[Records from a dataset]

****

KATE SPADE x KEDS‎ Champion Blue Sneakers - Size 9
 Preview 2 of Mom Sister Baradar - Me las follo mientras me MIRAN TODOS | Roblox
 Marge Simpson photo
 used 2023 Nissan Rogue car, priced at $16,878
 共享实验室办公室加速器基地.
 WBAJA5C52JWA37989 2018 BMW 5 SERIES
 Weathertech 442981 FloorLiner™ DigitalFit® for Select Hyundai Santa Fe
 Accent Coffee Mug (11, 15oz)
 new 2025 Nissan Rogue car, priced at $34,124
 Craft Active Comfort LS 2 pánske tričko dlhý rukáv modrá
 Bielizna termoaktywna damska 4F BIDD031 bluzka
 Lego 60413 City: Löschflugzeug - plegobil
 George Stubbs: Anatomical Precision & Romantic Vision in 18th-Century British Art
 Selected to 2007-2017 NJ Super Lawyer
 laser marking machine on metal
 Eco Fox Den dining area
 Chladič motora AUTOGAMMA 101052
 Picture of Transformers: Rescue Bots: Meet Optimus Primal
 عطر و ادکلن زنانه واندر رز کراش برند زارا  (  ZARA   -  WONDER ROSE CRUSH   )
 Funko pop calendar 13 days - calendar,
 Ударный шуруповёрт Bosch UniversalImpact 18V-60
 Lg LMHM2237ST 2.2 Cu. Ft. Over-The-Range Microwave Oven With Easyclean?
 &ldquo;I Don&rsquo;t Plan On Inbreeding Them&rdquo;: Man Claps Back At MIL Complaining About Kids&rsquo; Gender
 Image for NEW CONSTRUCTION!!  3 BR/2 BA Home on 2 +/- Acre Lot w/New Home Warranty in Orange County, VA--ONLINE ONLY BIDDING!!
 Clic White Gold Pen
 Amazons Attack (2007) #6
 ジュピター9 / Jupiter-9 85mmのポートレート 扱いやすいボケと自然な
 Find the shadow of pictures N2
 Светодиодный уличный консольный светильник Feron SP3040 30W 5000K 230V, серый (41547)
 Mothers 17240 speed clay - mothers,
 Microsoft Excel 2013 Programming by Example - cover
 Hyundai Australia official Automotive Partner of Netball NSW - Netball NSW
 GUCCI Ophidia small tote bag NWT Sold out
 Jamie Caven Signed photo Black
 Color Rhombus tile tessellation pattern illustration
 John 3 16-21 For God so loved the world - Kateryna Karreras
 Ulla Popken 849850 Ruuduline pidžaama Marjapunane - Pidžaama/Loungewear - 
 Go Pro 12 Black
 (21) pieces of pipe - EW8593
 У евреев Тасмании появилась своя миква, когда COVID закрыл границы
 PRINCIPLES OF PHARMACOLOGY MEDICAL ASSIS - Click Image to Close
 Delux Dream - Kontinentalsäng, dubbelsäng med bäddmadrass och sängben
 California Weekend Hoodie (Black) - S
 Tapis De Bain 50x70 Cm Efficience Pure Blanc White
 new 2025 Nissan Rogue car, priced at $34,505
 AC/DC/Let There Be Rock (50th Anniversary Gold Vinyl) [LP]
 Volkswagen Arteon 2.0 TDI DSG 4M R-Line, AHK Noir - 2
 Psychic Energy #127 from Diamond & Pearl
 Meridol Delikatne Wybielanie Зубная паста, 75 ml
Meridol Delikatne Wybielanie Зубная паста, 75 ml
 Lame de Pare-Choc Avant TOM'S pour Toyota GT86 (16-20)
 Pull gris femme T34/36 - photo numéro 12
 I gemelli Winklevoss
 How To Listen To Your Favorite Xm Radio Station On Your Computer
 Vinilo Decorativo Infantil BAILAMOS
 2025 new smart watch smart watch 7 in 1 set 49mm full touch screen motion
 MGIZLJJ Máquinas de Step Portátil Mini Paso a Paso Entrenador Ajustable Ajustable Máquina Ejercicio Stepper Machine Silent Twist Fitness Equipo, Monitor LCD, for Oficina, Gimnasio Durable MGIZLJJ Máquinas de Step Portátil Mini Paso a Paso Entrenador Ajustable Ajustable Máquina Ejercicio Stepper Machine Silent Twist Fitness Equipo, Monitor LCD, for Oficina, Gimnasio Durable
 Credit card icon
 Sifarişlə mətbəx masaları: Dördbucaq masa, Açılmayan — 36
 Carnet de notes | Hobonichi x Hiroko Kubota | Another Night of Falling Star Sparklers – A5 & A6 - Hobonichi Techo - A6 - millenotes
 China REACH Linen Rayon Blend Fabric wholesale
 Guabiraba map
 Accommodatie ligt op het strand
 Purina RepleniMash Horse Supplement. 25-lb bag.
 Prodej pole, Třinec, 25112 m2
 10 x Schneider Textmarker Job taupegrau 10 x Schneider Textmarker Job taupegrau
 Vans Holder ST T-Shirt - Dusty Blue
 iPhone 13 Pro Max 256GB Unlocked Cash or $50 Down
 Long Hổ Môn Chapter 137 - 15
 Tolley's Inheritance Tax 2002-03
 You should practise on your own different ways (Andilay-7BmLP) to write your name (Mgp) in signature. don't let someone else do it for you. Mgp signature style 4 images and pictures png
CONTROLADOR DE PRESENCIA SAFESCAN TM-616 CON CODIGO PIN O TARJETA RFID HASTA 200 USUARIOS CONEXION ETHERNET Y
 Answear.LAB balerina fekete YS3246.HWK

****

# Action item:
Which lines above contain the word "Delikatne"? Copy all of them.

# Reply to the task:
 Meridol Delikatne Wybielanie Зубная паста, 75 ml
Meridol Delikatne Wybielanie Зубная паста, 75 ml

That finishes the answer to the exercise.